# BEST GPS, at good price, function???



## jeb (Mar 30, 2004)

Hellooo

Totally new to GPS!

I just need when i travel in europe, and go trailbiking in new areas, and sort of backup, 
if one should get a little lost, dont know if it best placed on arm or handlebar, maybe arm..
been looking at the garmin etrex, that can be had here in europe for about 140 doll.
The display, should just be easy to read, with some nice graphic.
Had also looked at the gecko, but dont know really the diff, and the forerunner that seem really nice, but is a bit more doll.

Thanxxxxxxxx Jesper


----------



## mtnbikej (Sep 6, 2001)

Take a look at the Garmin Edge 205 and 305. My LBS just got these in and they look pretty cool. The 305 has options for cadence and heart rate monitor. They are a little pricey, but they take the place of 3 computers.

http://www.garmin.com/products/edge305/

mtnbikej


----------



## ArmySlowRdr (Dec 19, 2003)

i have the geko3--nice just for as u described--back up so u dont get too lost and to download routes on the computer using topo or some such.


----------



## MattP. (Oct 3, 2005)

I have a Garmin etrex Legend C. Sadly, I haven't used it yet, becuase I have been investigating what map software to buy.

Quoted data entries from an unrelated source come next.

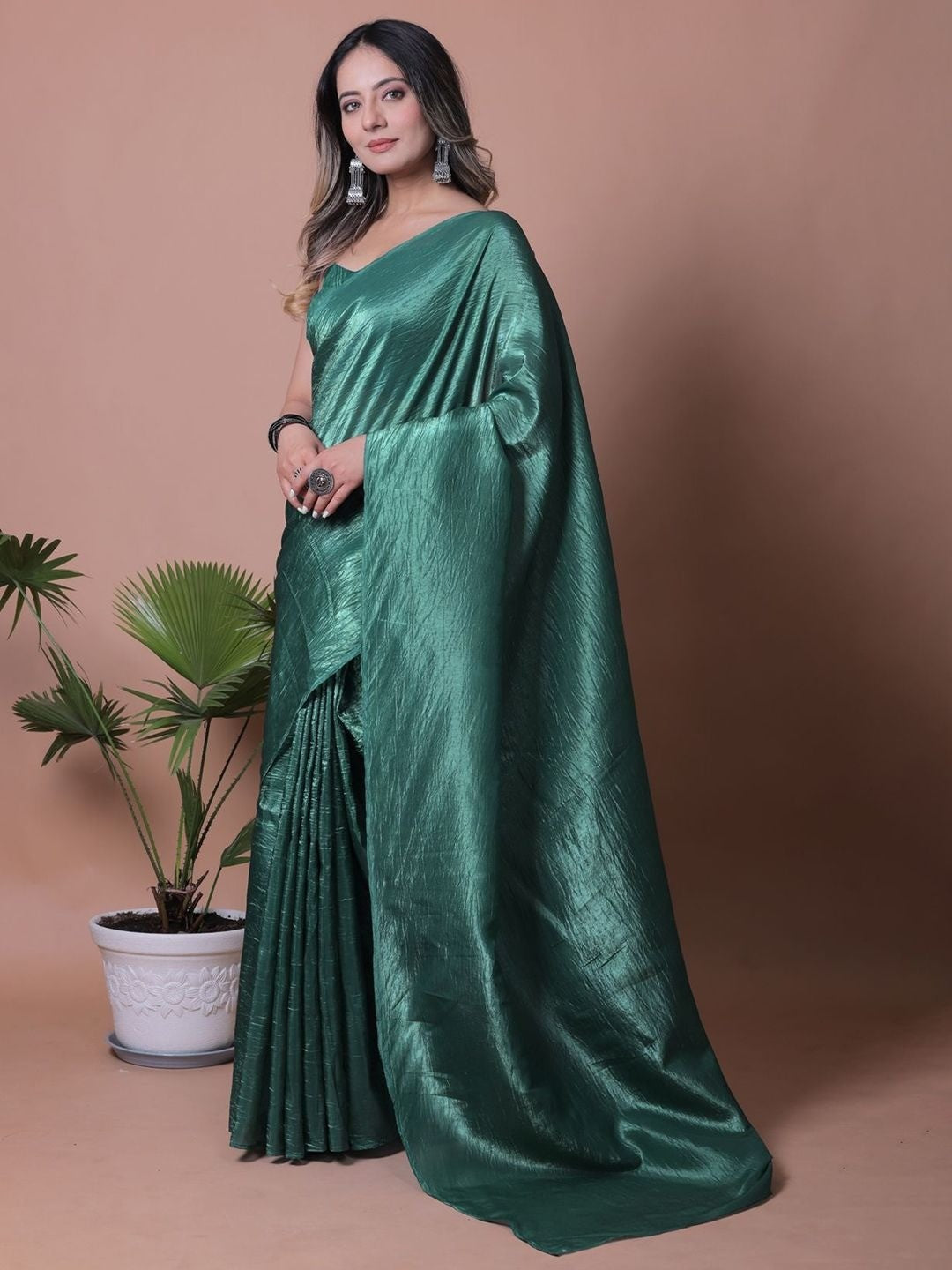 Emerald Green Solid Chiffon Saree Perfect for Parties & Festive Occasions - Image 3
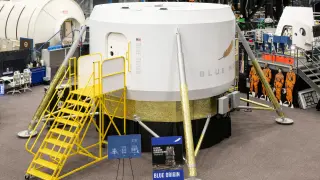 NASA Starts Hands-on Tests with Blue Origin Moon Lander Cabin Prototype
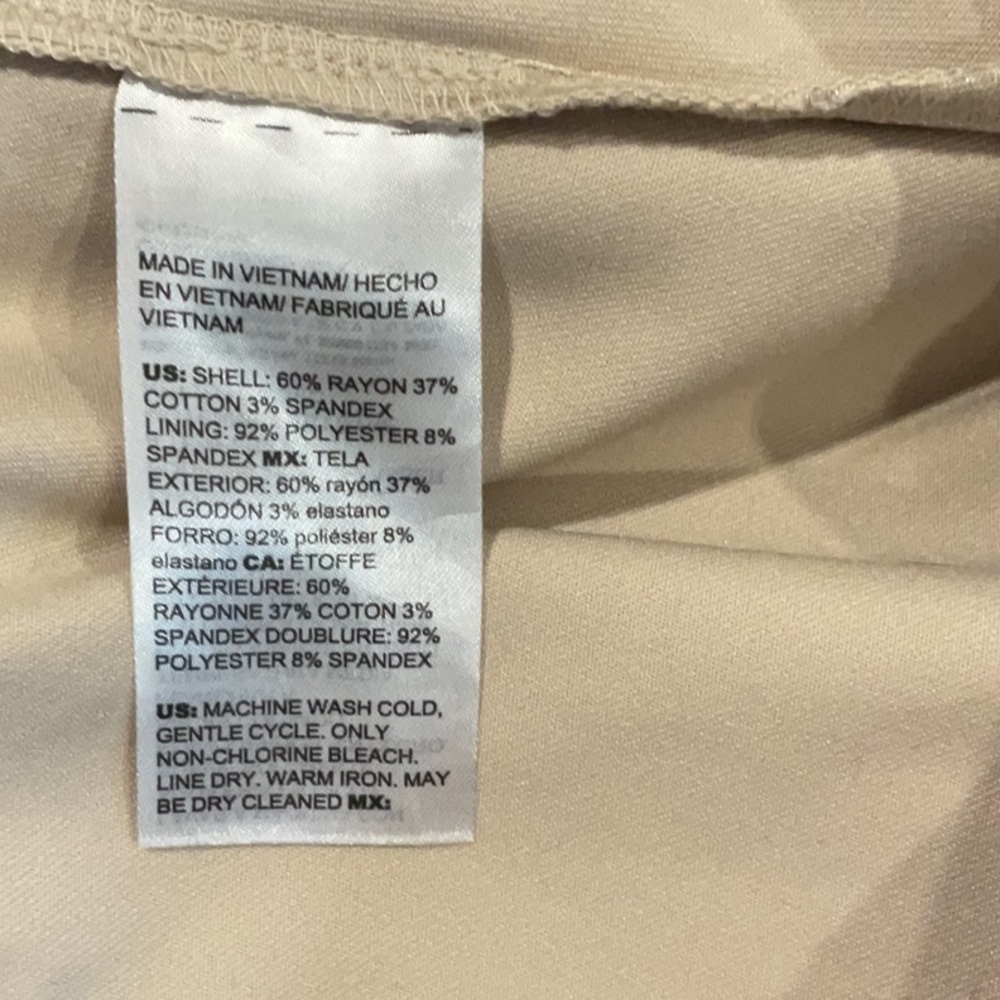 Euc Chicos Skort - image 6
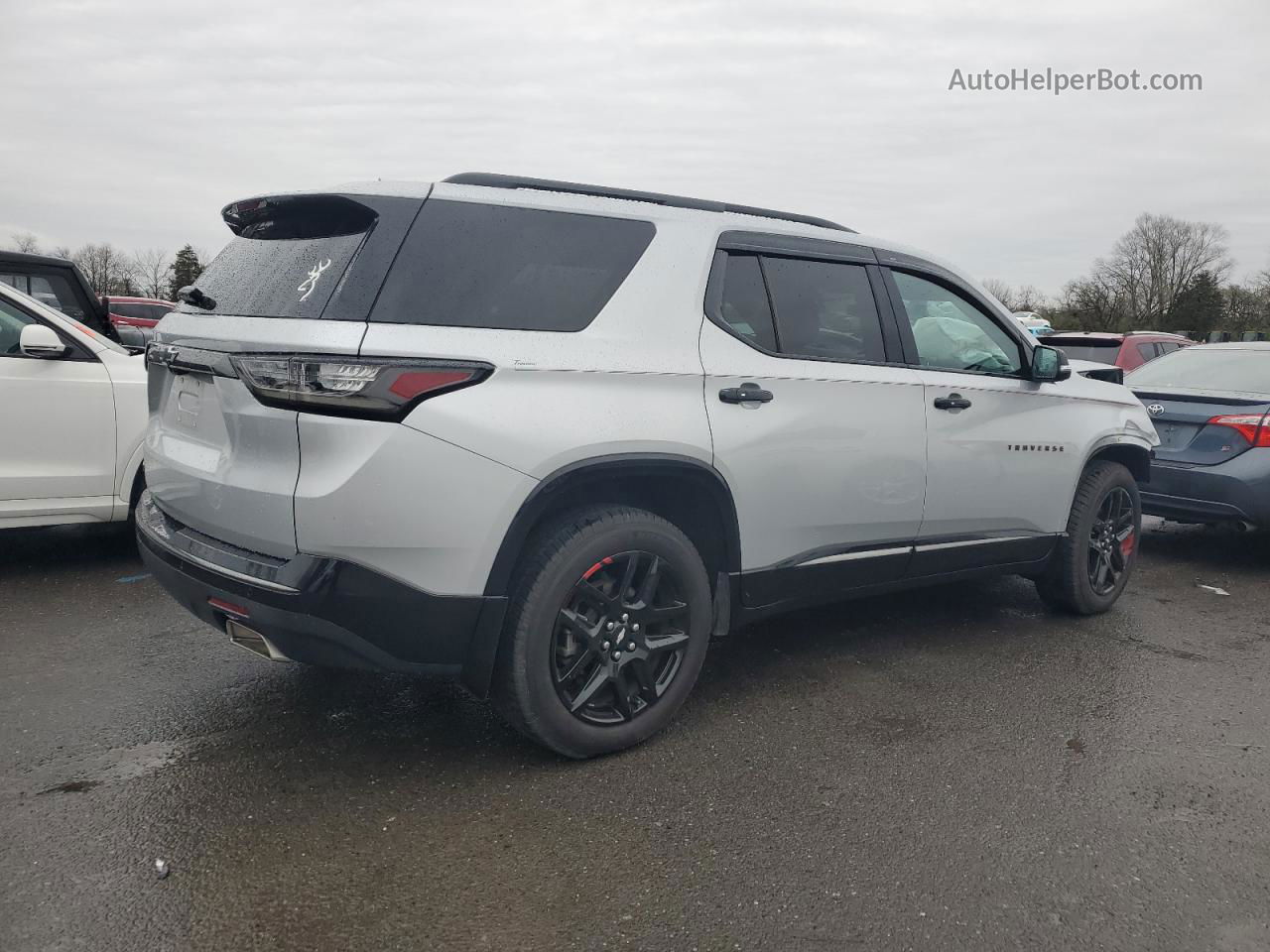 2020 Chevrolet Traverse Premier Silver vin: 1GNERKKW1LJ119948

I finally decided on Garmin City Select ($125) and will order it today.


----------



## Redwoods Mtn Biker (Jul 17, 2005)

You can't load maps to a basic eTrex, you'll need to step up a couple levels for that. Also, be aware that, as MattP notes, detailed maps cost extra, and may not be available for all parts of Europe.

I have reviews of many GPS units posted here, in case that helps.

Rich Owings
www.MakeYourOwnMaps.com
www.GPStracklog.com

"We were desert mystics, my friends and I, poring over our maps as others do their holy books." - Edward Abbey


----------



## XRAYO (Aug 8, 2005)

mtnbikej said:


> Take a look at the Garmin Edge 205 and 305. My LBS just got these in and they look pretty cool. The 305 has options for cadence and heart rate monitor. They are a little pricey, but they take the place of 3 computers.
> 
> http://www.garmin.com/products/edge305/
> 
> mtnbikej


Here's a great price on the Garmin Edge from an MTBR enthusiast.

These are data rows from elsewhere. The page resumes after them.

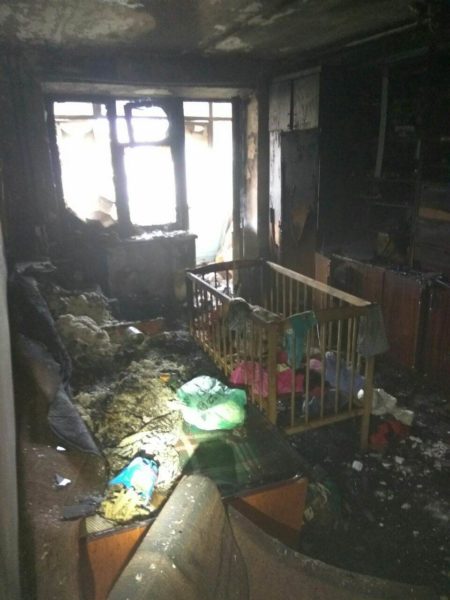 На пожежі на Незалежності ледь не згоріли літня жінка та її правнучка (ФОТО)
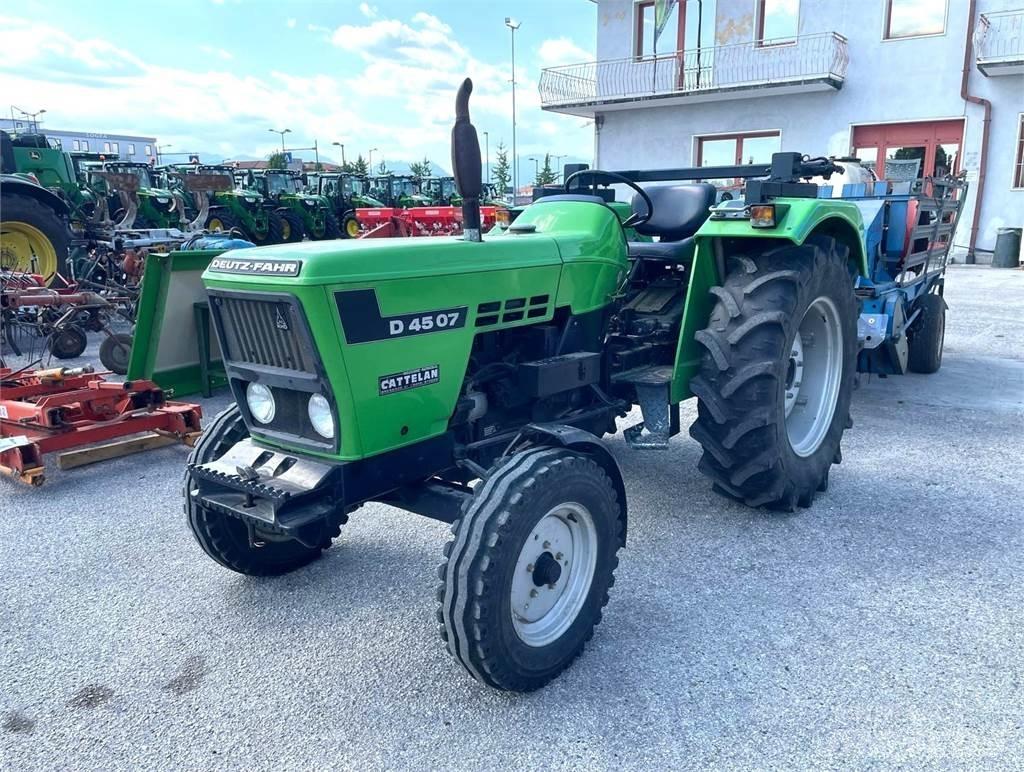 Deutz-Fahr D 45 07 Τρακτέρ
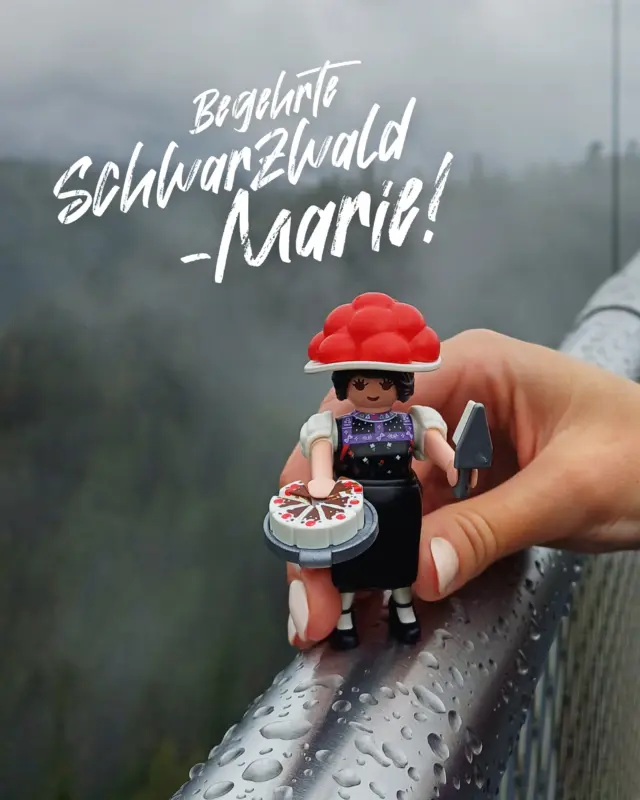 Sie sind zurück! 🎉 
Schwarzwald Maries – jetzt im Besucherzentrum der WILDLINE in Bad Wildbad erhältlich 🛍️🌲Limitierte Stückzahl, schnell sein lohnt sich! ⏳
Wichtig:
Max. 2 Stück pro Person ⚠️
Verkauf nur vor Ort im Besucherzentrum 🏠
Kein Versand, keine Bestellungen/Reservierungen 🚫
Nur solange der Vorrat reicht ✅
#WILDLINE #SchwarzwaldMarie #BadWildbad #Schwarzwald #Hängebrücke #Souvenir #Abenteuer #Naturerlebnis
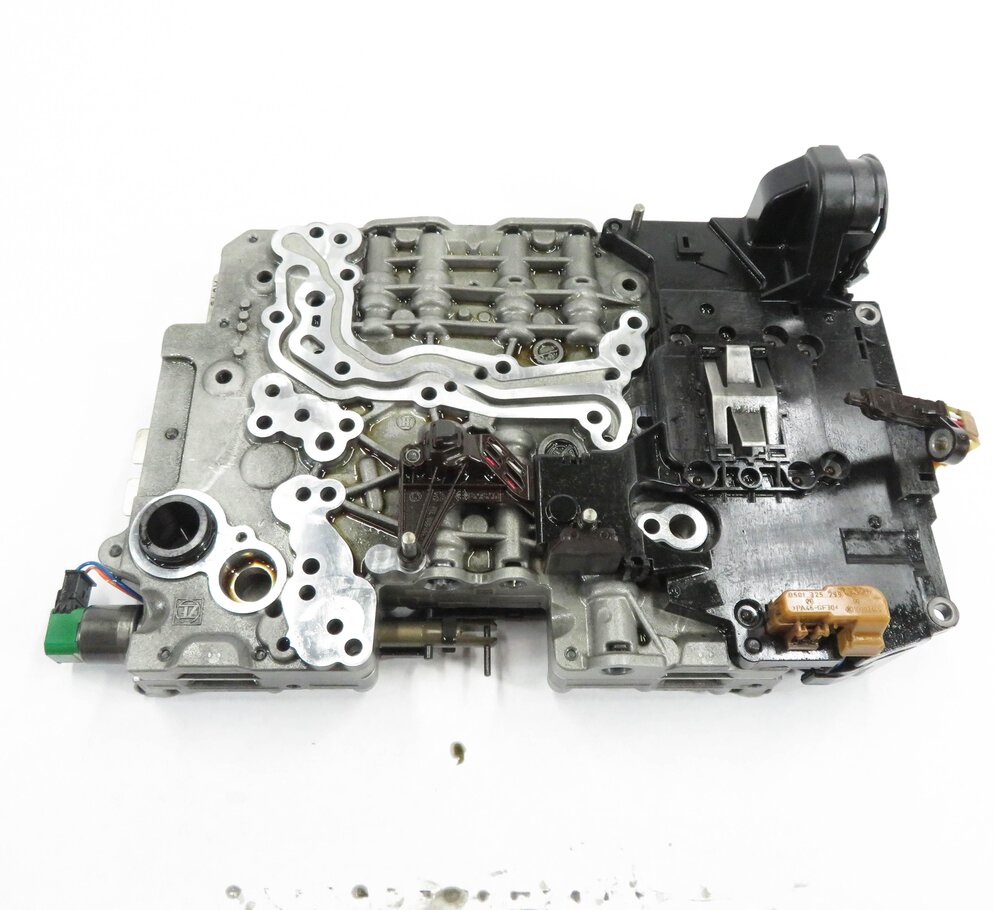 Thumbnail 2: 2010-2012 BMW 550i 550iGT (F07 F10) 4.4L N63 8HP-70 A/T TRANSMISSION VALVE BODY
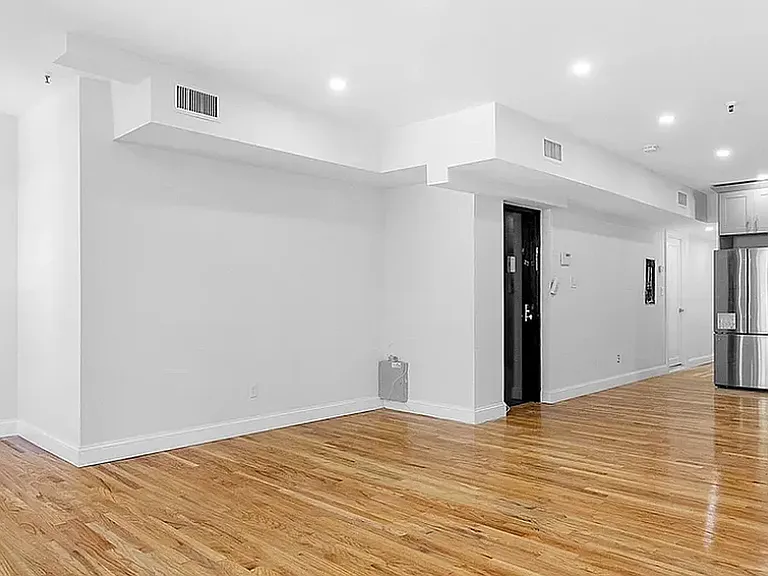 544 6th Ave #2 — Photo 10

*Garmin Edge 305 with various options including heart rate monitor, cadence sender, or both.*

Enjoy!


----------



## dan0 (Oct 12, 2005)

I have the etrex summit and I just got the 305 w/ heart monitor, both are breadcrumb (no maps) gps, the 305 comes with training/map software, for another $75 - $100 you can get the garmin topo (us) which is pretty good, after you make a trail you can upload it to the map and then print if you want to. There is also a couple of topo map programs for the same price . National geographic & maptech are the 2 best in my opinion, I'm sure they have european maps available, the topo maps have some streets and most streams, brooks etc. the 305 is great, small, light , rechargable. the summit is fair to good but the 305 (or 205 if you dont need the heart or cadence) works better in clouds and trees


----------



## RiderInTraining (Apr 25, 2005)

I just ordered a Garmin eTrex Legend Cx from Amazon for $250 yesterday. I really wanted something with a map. I picked the Cx for it's better GPS chip, the color screen, longer battery life, and the expandable memory (I also ordered 128MB for $15).

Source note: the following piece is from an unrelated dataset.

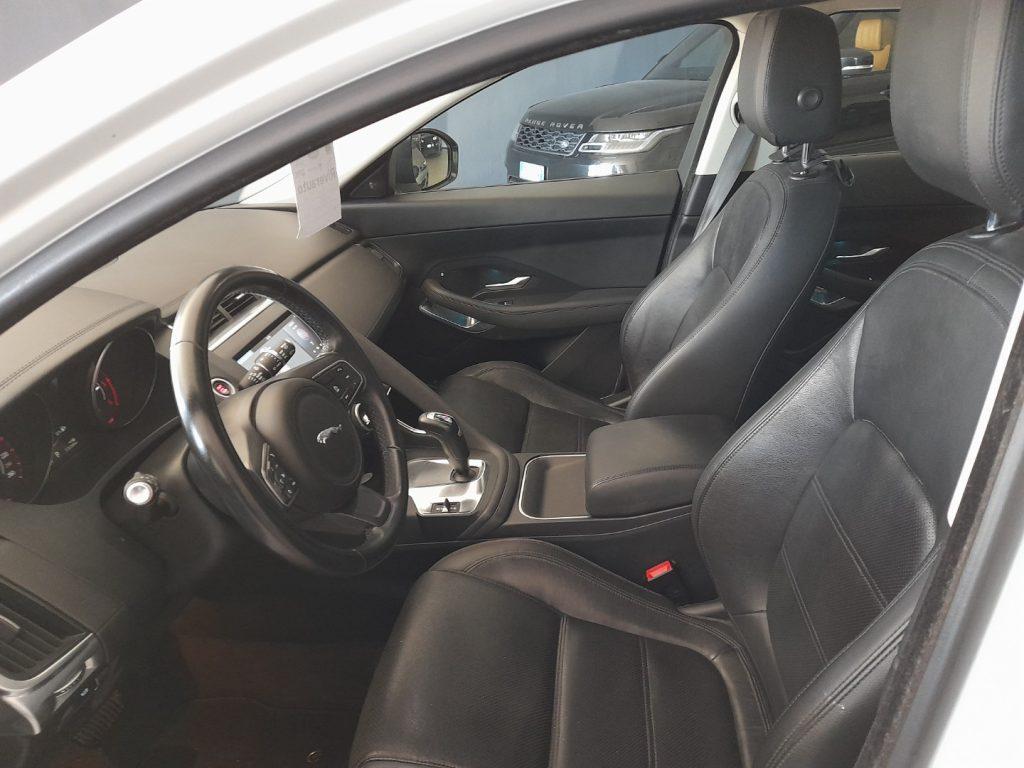 JAGUAR E-Pace (X540) E-Pace 2.0D 180 CV A...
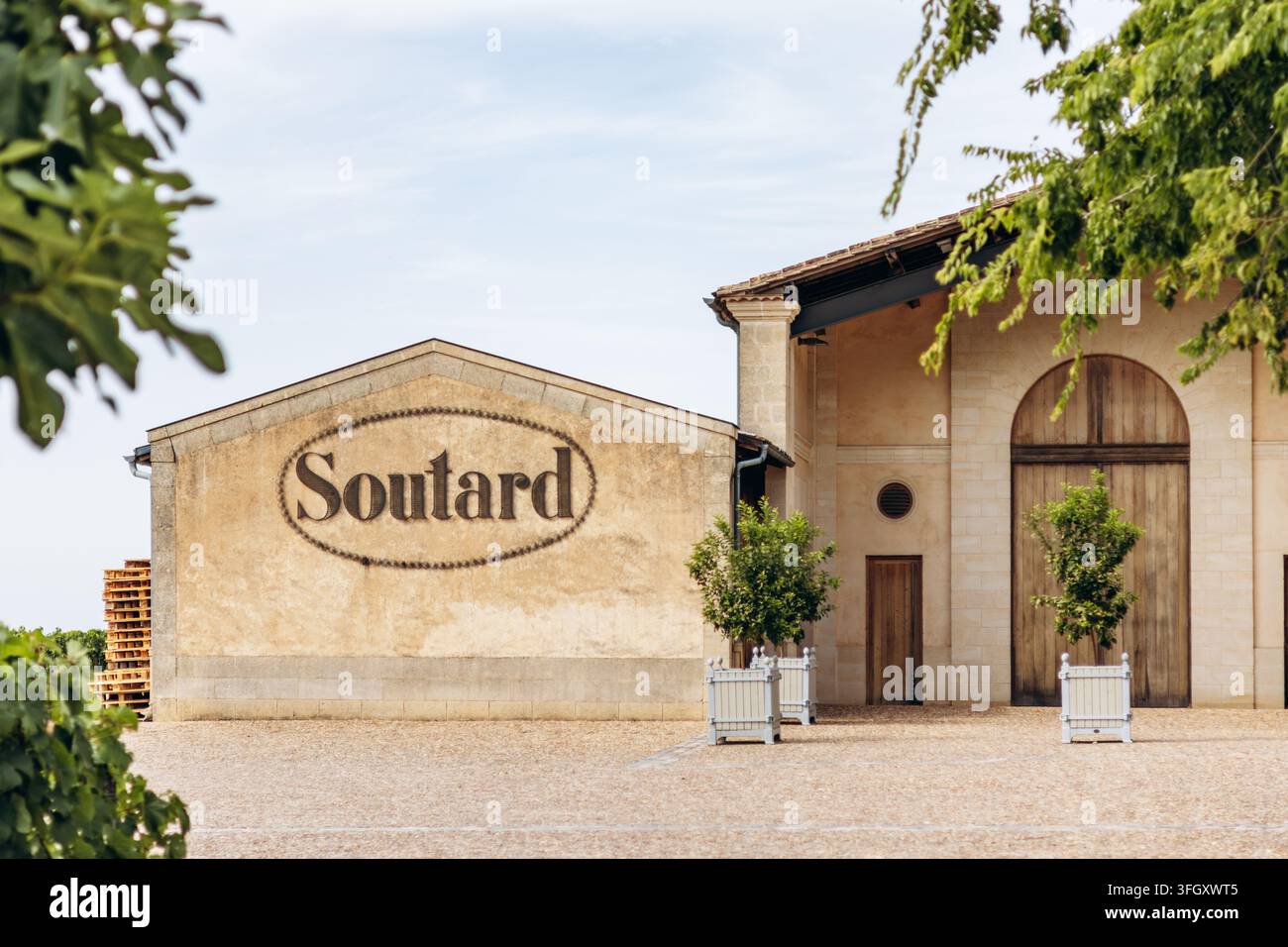 Saint Emilion, Francia – 11 luglio 2026: Edifici dell'azienda vinicola Chateau Soutard, cortile e segnaletica della tenuta a Saint Emilion Foto Stock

In my price range, that was basically the only option (, plus I tried the b/w version of the Legend a couple of years ago and liked it.

What I'm not so sure about is the mapping software. I went with the US Topo map, hopping that it will cover cities well enough and my riding destinations too.

I realize that you are looking for a cheaper GPS, but your wife is going to be pissed anyway, so why not spend a little more and get it all


----------



## LyncStar (Feb 16, 2006)

RiderInTraining said:


> I picked the Cx for it's better GPS chip


I hate to break it to you, but he eTrex models don't have the new Sirf antenna. I tried one out at a shop and they still have the same old pokey satellite pickup as the older models.


----------



## Redwoods Mtn Biker (Jul 17, 2005)

LyncStar said:


> I hate to break it to you, but he eTrex models don't have the new Sirf antenna. I tried one out at a shop and they still have the same old pokey satellite pickup as the older models.


Yeah, I didn't have the heart to tell him. At least the antenna (and reception) on his is better than on my 60CS.

Rich Owings
www.MakeYourOwnMaps.com
www.GPStracklog.com

"We were desert mystics, my friends and I, poring over our maps as others do their holy books." - Edward Abbey


----------



## FoShizzle (Jan 18, 2004)

Redwoods Mtn Biker said:


> Yeah, I didn't have the heart to tell him. At least the antenna (and reception) on his is better than on my 60CS.
> 
> Rich Owings
> www.MakeYourOwnMaps.com
> ...


 so basically (ie, assume i am an idiot....which should be easy), which model would give me basically all around capability (load maps etc) and have the sirf antenna or whatever.....the Edge 205? I dont care about heart rate or cadence.

thanks


----------



## BigLarry (Jul 30, 2004)

*Garmin GPS Overview*

Don't know the other brands. See the links from Redwoods Mtn Biker. Here's the units I've generallly seen used for MTB in the Garmin line of GPS:

Definition: "waypoints" are a space point that you give a text label and can often display on a screen or map. "Routes" can be made by navigating between waypoints. A "track" is a recording of where you've been, like a bread crumb trail on the screen.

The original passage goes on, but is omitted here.